On Wed, 2015-06-24 at 17:16 -0700, Dave Hansen wrote:
> From: Dave Hansen <[email protected]>
>
> I have a _tiny_ microbenchmark that sits in a loop and writes
> single bytes to a file. Writing one byte to a tmpfs file is
> around 2x slower than reading one byte from a file, which is a
> _bit_ more than I expecte. This is a dumb benchmark, but I think
> it's hard to deny that write() is a hot path and we should avoid
> unnecessary overhead there.
>
> I did a 'perf record' of 30-second samples of read and write.
> The top item in a diffprofile is srcu_read_lock() from
> fsnotify(). There are active inotify fd's from systemd, but
> nothing is actually listening to the file or its part of
> the filesystem.
>
> I *think* we can avoid taking the srcu_read_lock() for the
> common case where there are no actual marks on the file.
> This means that there will both be nothing to notify for
> *and* implies that there is no need for clearing the ignore
> mask.
>
> This patch gave a 13.8% speedup in writes/second on my test,
> which is an improvement from the 10.8% that I saw with the
> last version.
>
> Signed-off-by: Dave Hansen <[email protected]>
> Cc: Andrew Morton <[email protected]>
> Cc: Jan Kara <[email protected]>
> Cc: Al Viro <[email protected]>
> Cc: Eric Paris <[email protected]>
> Cc: John McCutchan <[email protected]>
> Cc: Robert Love <[email protected]>
> Cc: Tim Chen <[email protected]>
> Cc: Andi Kleen <[email protected]>
> Cc: [email protected]
> ---
>
> b/fs/notify/fsnotify.c | 10 ++++++++++
> 1 file changed, 10 insertions(+)
>
> diff -puN fs/notify/fsnotify.c~optimize-fsnotify fs/notify/fsnotify.c
> --- a/fs/notify/fsnotify.c~optimize-fsnotify 2015-06-24
> 17:14:34.573109264 -0700
> +++ b/fs/notify/fsnotify.c 2015-06-24 17:14:34.576109399 -0700
> @@ -213,6 +213,16 @@ int fsnotify(struct inode *to_tell, __u3
> !(test_mask & to_tell->i_fsnotify_mask) &&
> !(mnt && test_mask & mnt->mnt_fsnotify_mask))
> return 0;
> + /*
> + * Optimization: srcu_read_lock() has a memory barrier which
> can
> + * be expensive.
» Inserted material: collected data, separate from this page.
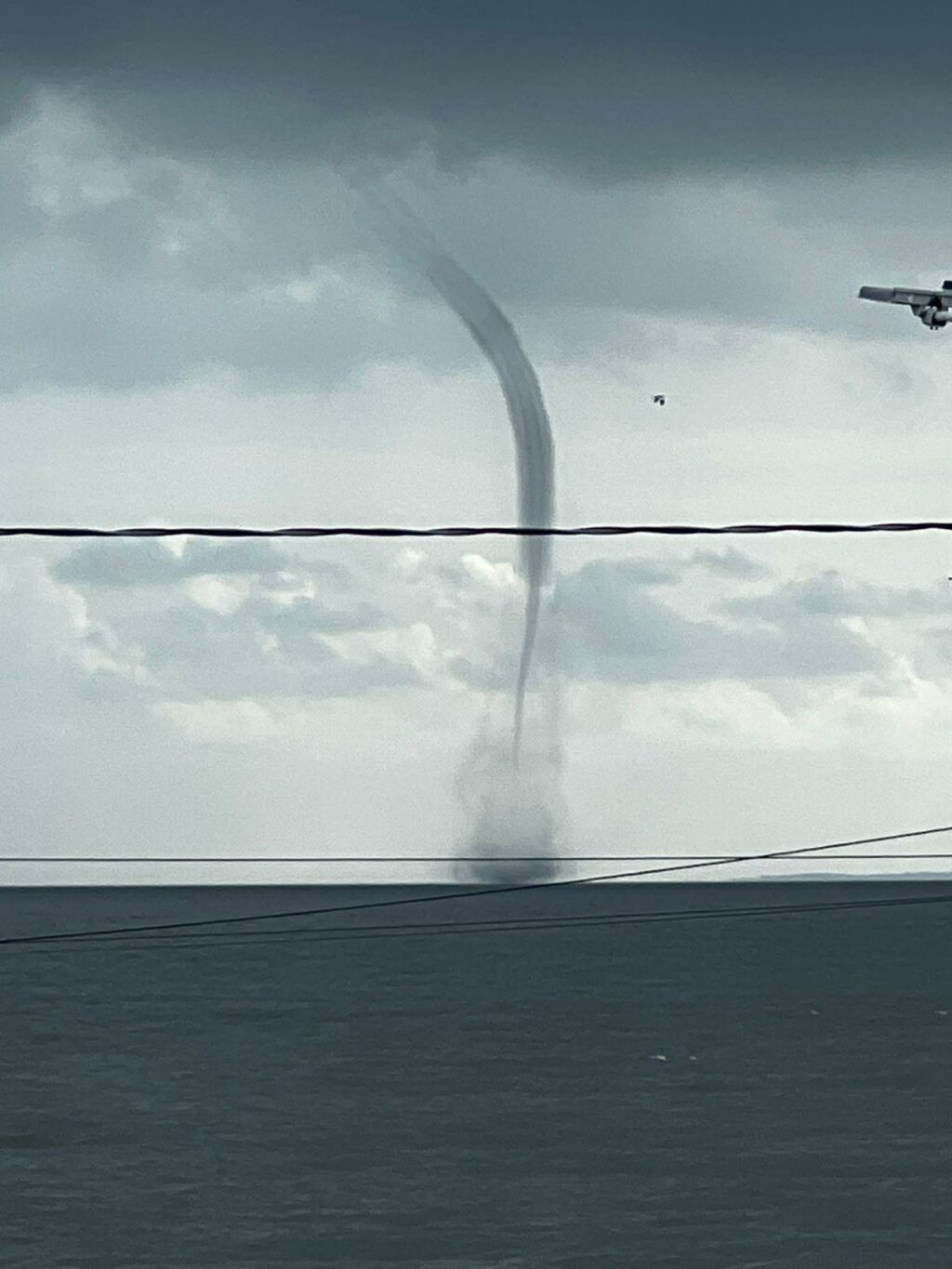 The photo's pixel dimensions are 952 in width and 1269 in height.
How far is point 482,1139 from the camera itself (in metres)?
88.5

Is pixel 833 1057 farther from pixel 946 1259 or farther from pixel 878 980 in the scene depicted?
pixel 878 980

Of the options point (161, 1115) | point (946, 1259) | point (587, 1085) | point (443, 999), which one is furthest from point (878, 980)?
point (946, 1259)

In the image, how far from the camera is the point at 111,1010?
17275 cm

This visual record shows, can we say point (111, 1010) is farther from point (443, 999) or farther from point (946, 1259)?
point (946, 1259)

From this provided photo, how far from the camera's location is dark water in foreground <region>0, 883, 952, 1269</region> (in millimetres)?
65000

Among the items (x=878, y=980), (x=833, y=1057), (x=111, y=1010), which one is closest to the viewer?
(x=833, y=1057)

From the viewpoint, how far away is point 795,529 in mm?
35781

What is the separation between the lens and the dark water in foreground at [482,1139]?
65000 mm

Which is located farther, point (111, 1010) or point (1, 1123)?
point (111, 1010)

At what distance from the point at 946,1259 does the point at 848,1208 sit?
9.74 meters

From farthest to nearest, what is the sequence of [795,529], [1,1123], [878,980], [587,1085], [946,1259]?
[878,980] < [587,1085] < [1,1123] < [946,1259] < [795,529]

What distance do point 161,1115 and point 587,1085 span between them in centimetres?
2103

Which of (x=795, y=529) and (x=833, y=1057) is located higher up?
(x=795, y=529)

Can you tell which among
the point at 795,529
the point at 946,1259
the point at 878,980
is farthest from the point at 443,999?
the point at 795,529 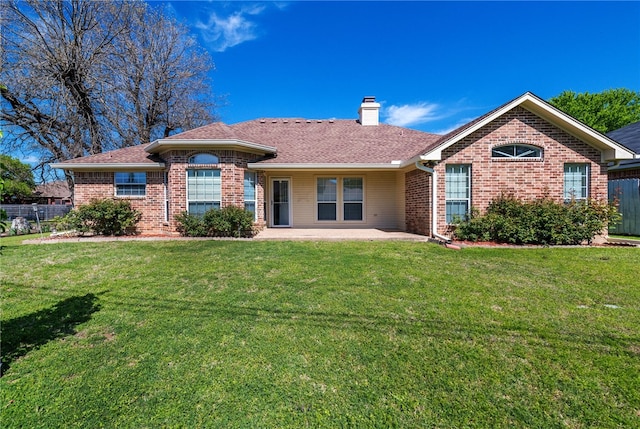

It protects walking the *_fsnotify_marks
> lists.
> + * However, if we do not walk the lists, we do not have to
> do
> + * SRCU because we have no references to any objects and do
> not
> + * need SRCU to keep them "alive".
> + */
> + if (!to_tell->i_fsnotify_marks.first &&
> + (!mnt || !mnt->mnt_fsnotify_marks.first))
> + return 0;

two useless peeps from the old peanut gallery of long lost....

1) should you actually move this check up before the IN_MODIFY check?
This seems like it would be by far the most common case, and you'd save
yourself a bunch of useless conditionals/bit operations.

2) do you want to use hlist_empty(&to_tell->i_fsnotify_marks) instead,
for readability (and they are static inline, so compiled code is the
same)

It is fine as it is. Don't know how much you want to try to bikeshed...

2015-06-25 16:28:35

by Dave Hansen

[permalink] [raw]
Subject: Re: [RFCv2][PATCH 1/7] fs: optimize inotify/fsnotify code for unwatched files

On 06/24/2015 05:57 PM, Eric Paris wrote:
> On Wed, 2015-06-24 at 17:16 -0700, Dave Hansen wrote:
>> + if (!to_tell->i_fsnotify_marks.first &&
>> + (!mnt || !mnt->mnt_fsnotify_marks.first))
>> + return 0;
>
> two useless peeps from the old peanut gallery of long lost....
>
> 1) should you actually move this check up before the IN_MODIFY check?
> This seems like it would be by far the most common case, and you'd save
> yourself a bunch of useless conditionals/bit operations.

Doing that actually makes fsnotify() 82 bytes smaller for me. I think
you're also right that the new check is a much more general condition
than the existing one. I'll move it up when I post again.

> 2) do you want to use hlist_empty(&to_tell->i_fsnotify_marks) instead,
> for readability (and they are static inline, so compiled code is the
> same)

Yeah I guess that makes sense. The only thing that the current code is
nice for is that it makes it obvious that the .first checks match with
the srcu_dereference()s done below.

2015-06-26 13:00:03

by Jan Kara

[permalink] [raw]
Subject: Re: [RFCv2][PATCH 2/7] fs: use RCU for free_super() vs. __sb_start_write()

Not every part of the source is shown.